* Directions for this task *
Output the data in full. Keep every word exact and exclude the pictures.

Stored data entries
________________________________________

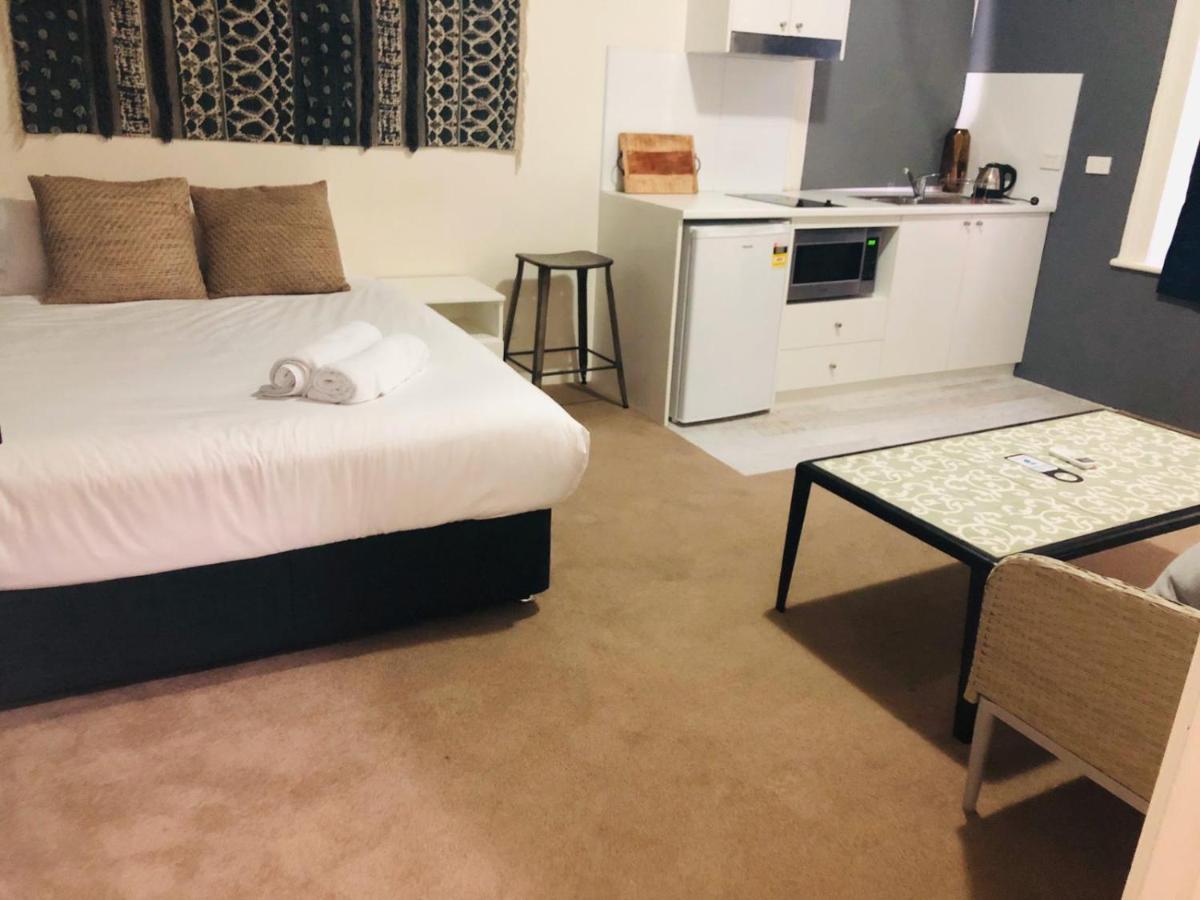 Aparthotel Astoria Space Pop Up 3*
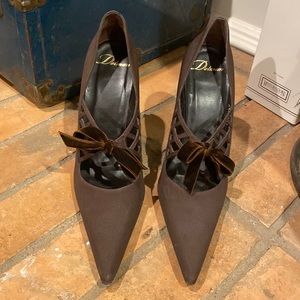 Delman Pointy Toe Pump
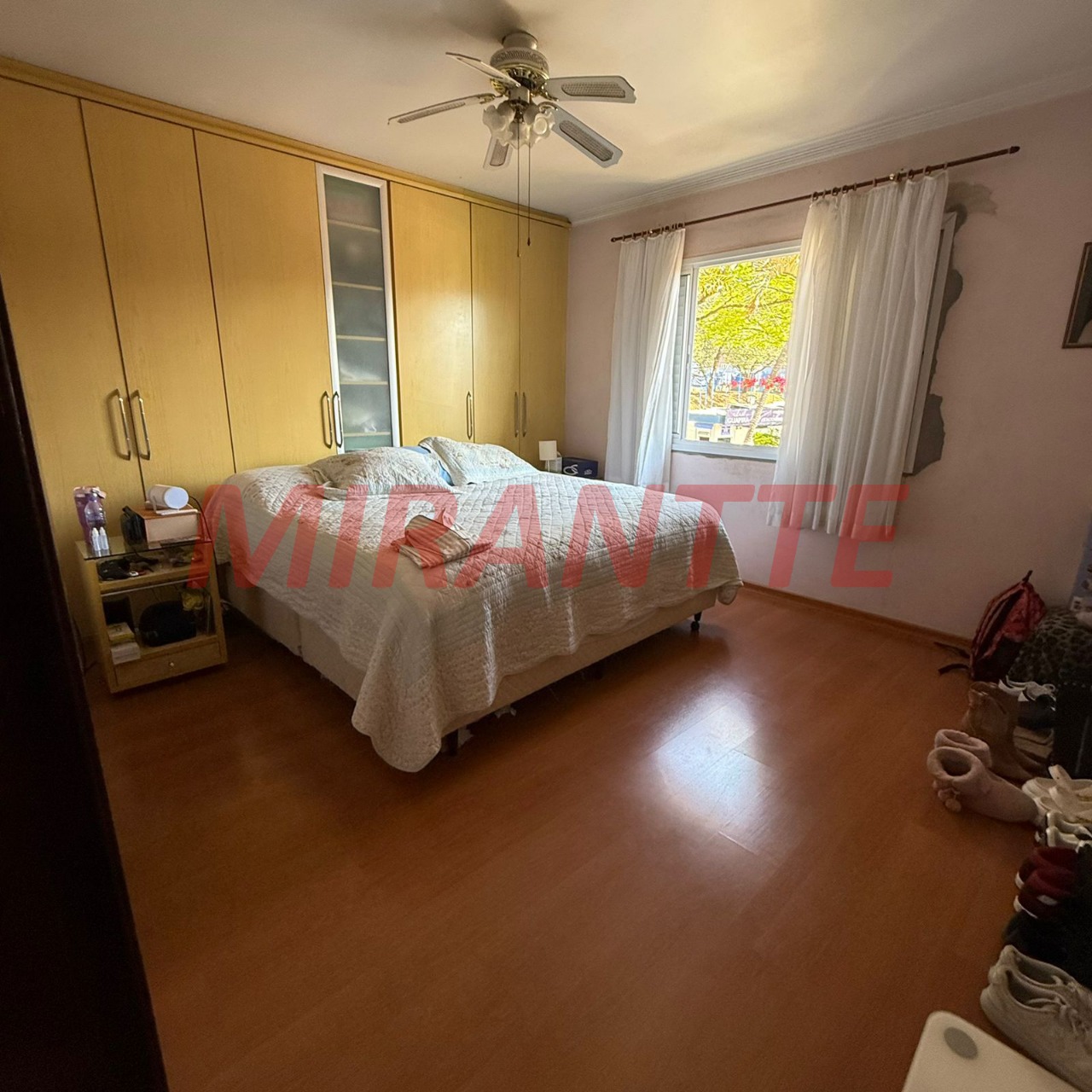 Sobrado de 364m² com 4 quartos em Jardim Guapíra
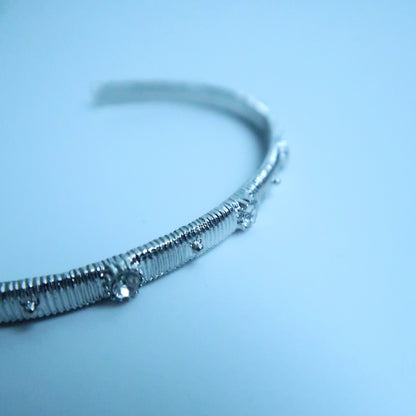 LOSTINCRUSH Infinite Protection Bracelet
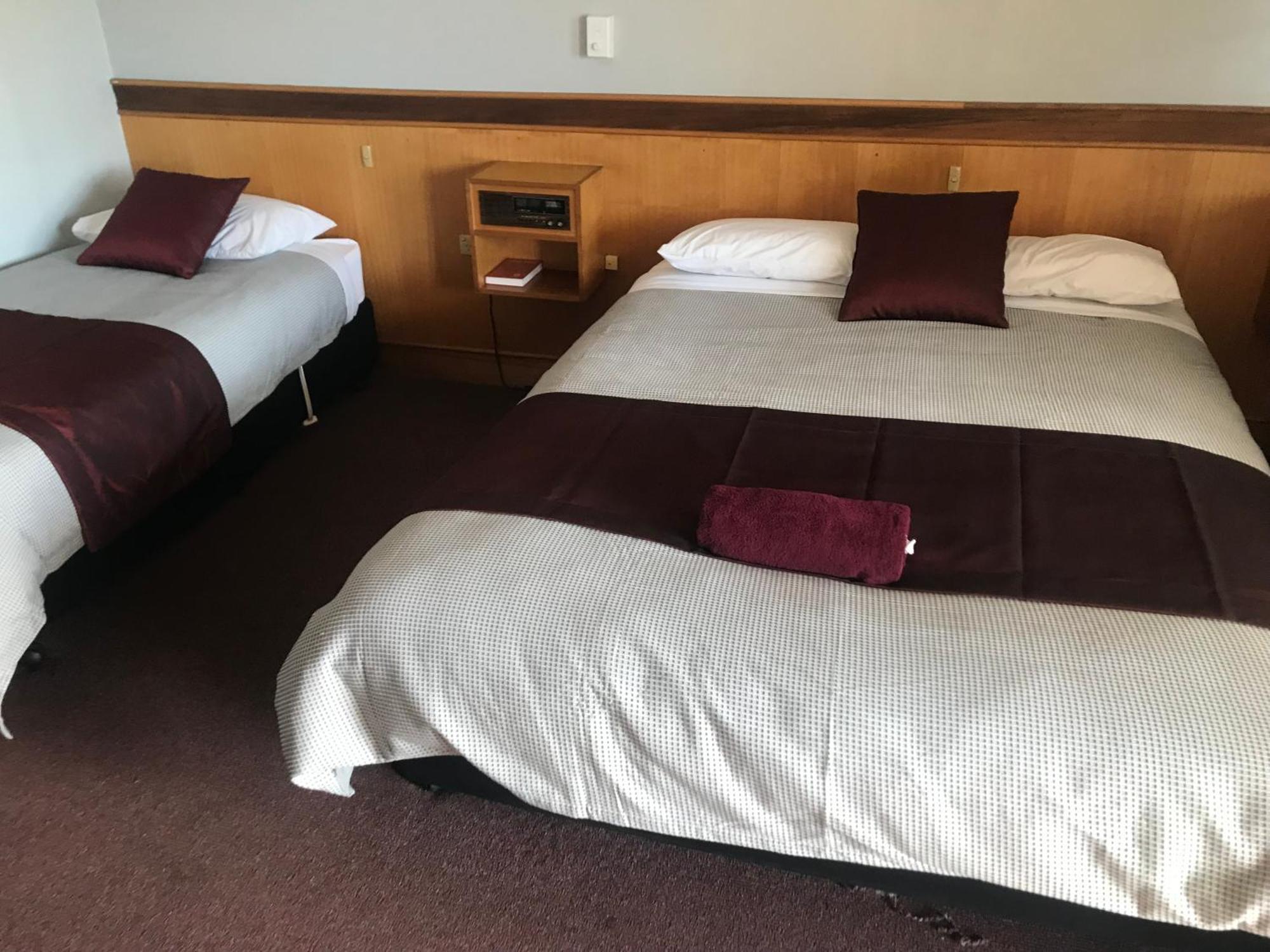 County Lodge Motor Inn West Wyalong Extérieur photo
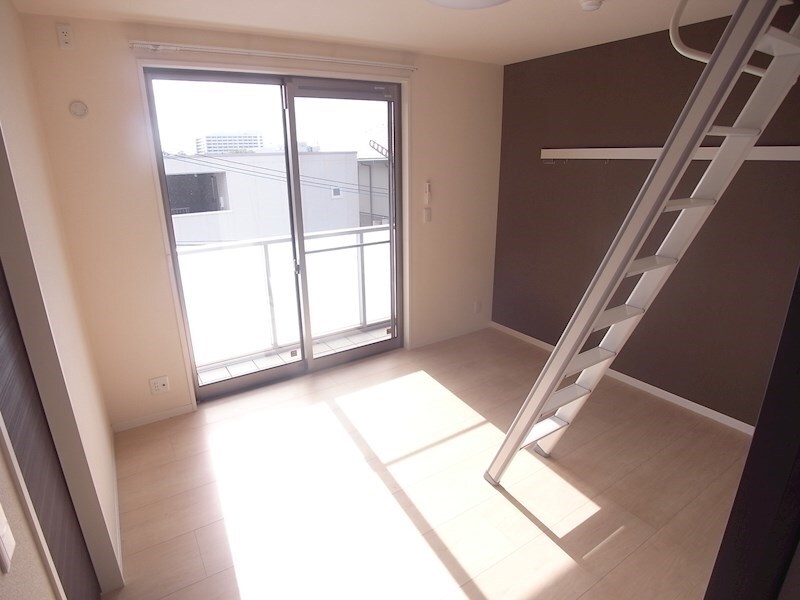 ヴィラージュ山手の物件内観写真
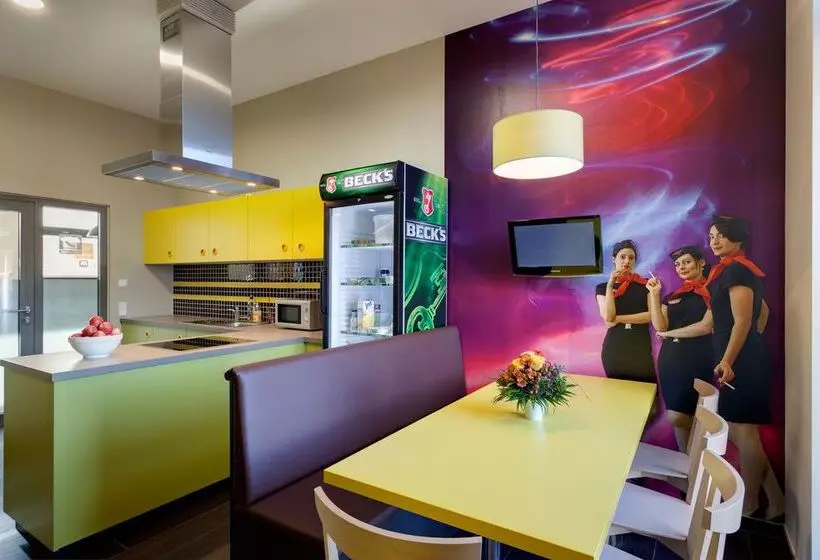 Meininger Hotel Frankfurt Main / Airport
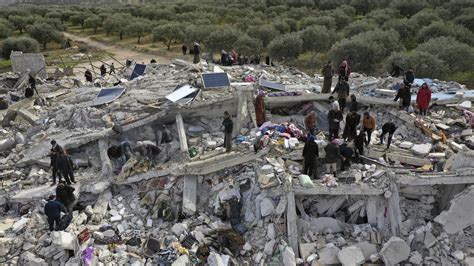 Rescuers Scramble in Turkey, Syria After Quake Kills 3,400 | Chicago ...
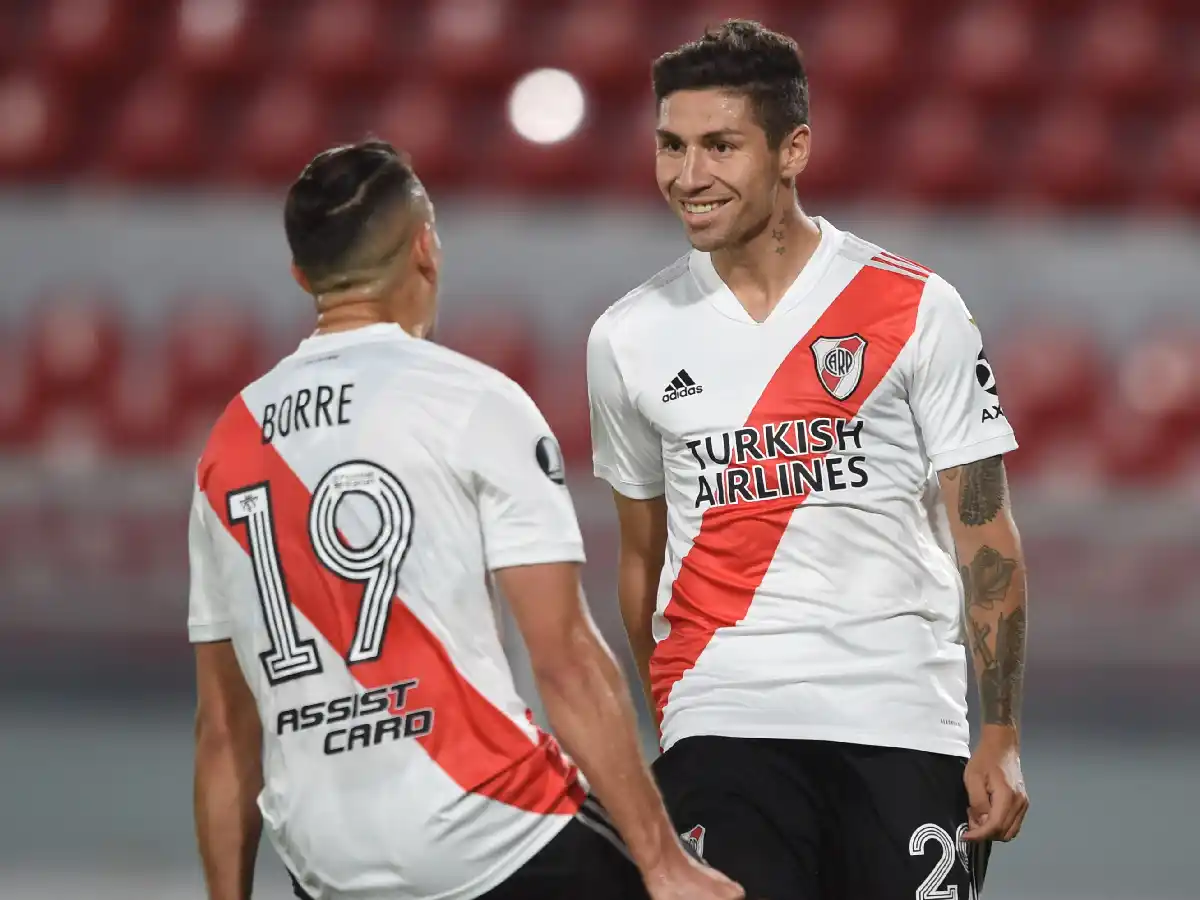 River pegó primero y sacó una buena ventaja para ir a Uruguay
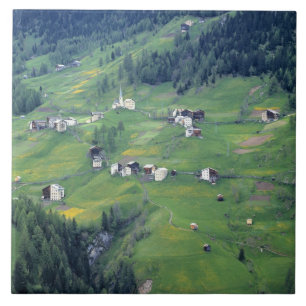 Europa, Itália, Alpes Dolomitas. Esta pequena ald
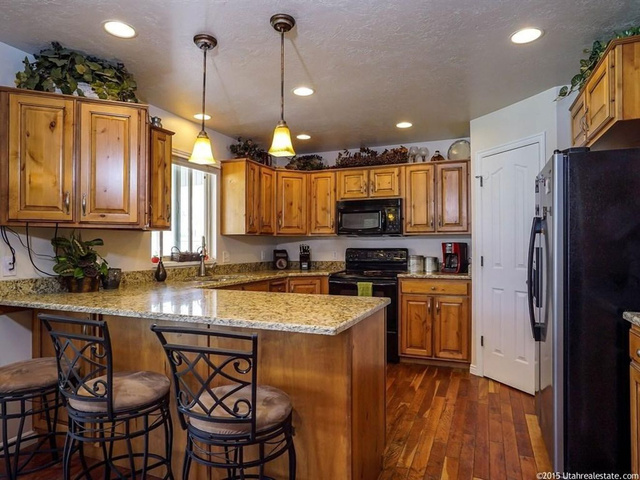231 W 575 S, Layton, UT 84041 — photo 12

________________________________________

* Reply *
 Aparthotel Astoria Space Pop Up 3*
 Delman Pointy Toe Pump
 Sobrado de 364m² com 4 quartos em Jardim Guapíra
 LOSTINCRUSH Infinite Protection Bracelet
 County Lodge Motor Inn West Wyalong Extérieur photo
 ヴィラージュ山手の物件内観写真
 Meininger Hotel Frankfurt Main / Airport
 Rescuers Scramble in Turkey, Syria After Quake Kills 3,400 | Chicago ...
 River pegó primero y sacó una buena ventaja para ir a Uruguay
 Europa, Itália, Alpes Dolomitas. Esta pequena ald
231 W 575 S, Layton, UT 84041 — photo 12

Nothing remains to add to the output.